Professeur Rachid Belhadj est chef de service Médecine légale et directeur des Activités médicales et paramédicales au CHU Mustapha Pacha d'Algérie. Cet exergue est tiré de son livre «L'instinct du médecin légiste » où il décortique, écrit-il, «des situations qui déclenchent en nous des mécanismes complexes de défense et d'intelligence pour catalyser, en fin de compte, nos instincts et nos intuitions les plus profonds à la recherche de la vérité(...)». Il fait savoir aux lecteurs que son livre «relate quelques histoires criminelles ayant eu lieu à Alger durant les années 2000, des affaires riches en émotions où l'impossible n'est pas interdit dans les esprits des spécialistes de la gestion de la scène du crime». Des crimes qui, écrit-il, ont été «solutionnés en un temps record, dans le respect des règles et investigations scientifiques, procédures pénales et de la dignité humaine».

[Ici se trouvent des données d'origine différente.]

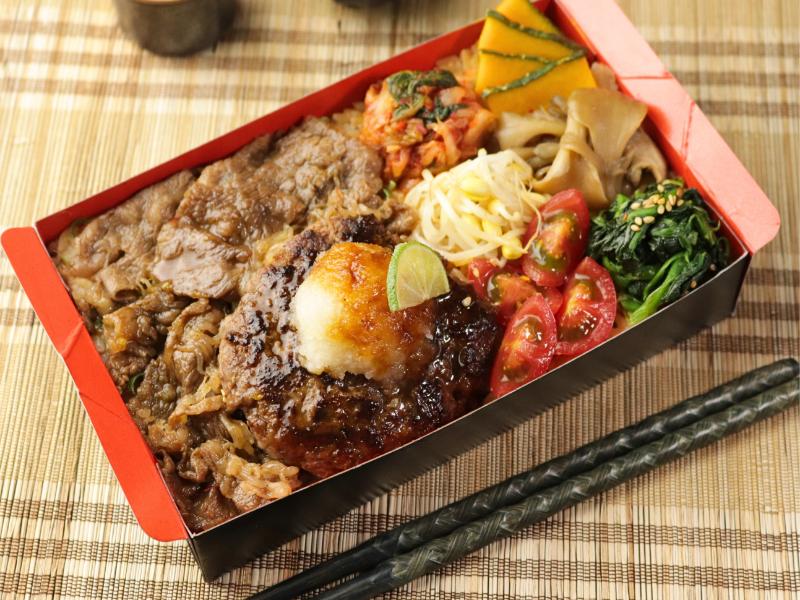 おろしハンバーグと牛カルビ焼肉飯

Prof Belhadj a mis en avant « la ténacité et l'expérience professionnelle de l'ensemble des acteurs » qui doivent entreprendre des opérations, disons-le, macabres pour élucider le crime, ses circonstances et dévoiler son auteur et (ses) armes. Il cite «officiers de la police judiciaire, enquêteurs, médecins légistes, magistrats et police scientifique(...) avec la collaboration du médecin légiste» qu'il est à ce jour. C'est ce même Prof Belhadj qui nous a dit dans l'édition du 15 novembre dernier que «les décès des malades Covid exigent de nous qu'on les diagnostique, parfois en procédant à la PCR ou à une autopsie, on doit mettre le corps dans un sac, bien le fermer et le mettre dans une morgue dédiée au Covid, en attendant son identification par la famille, on oblige au respect strict des gestes barrières pour éviter que le cadavre ne contamine ses proches, parce qu'il peut être contagieux au niveau de certaines parties (s'il est manipulé au moment du lavage rituel), c'est pour cela qu'on refuse qu'il soit lavé ».
Le devoir «du silence»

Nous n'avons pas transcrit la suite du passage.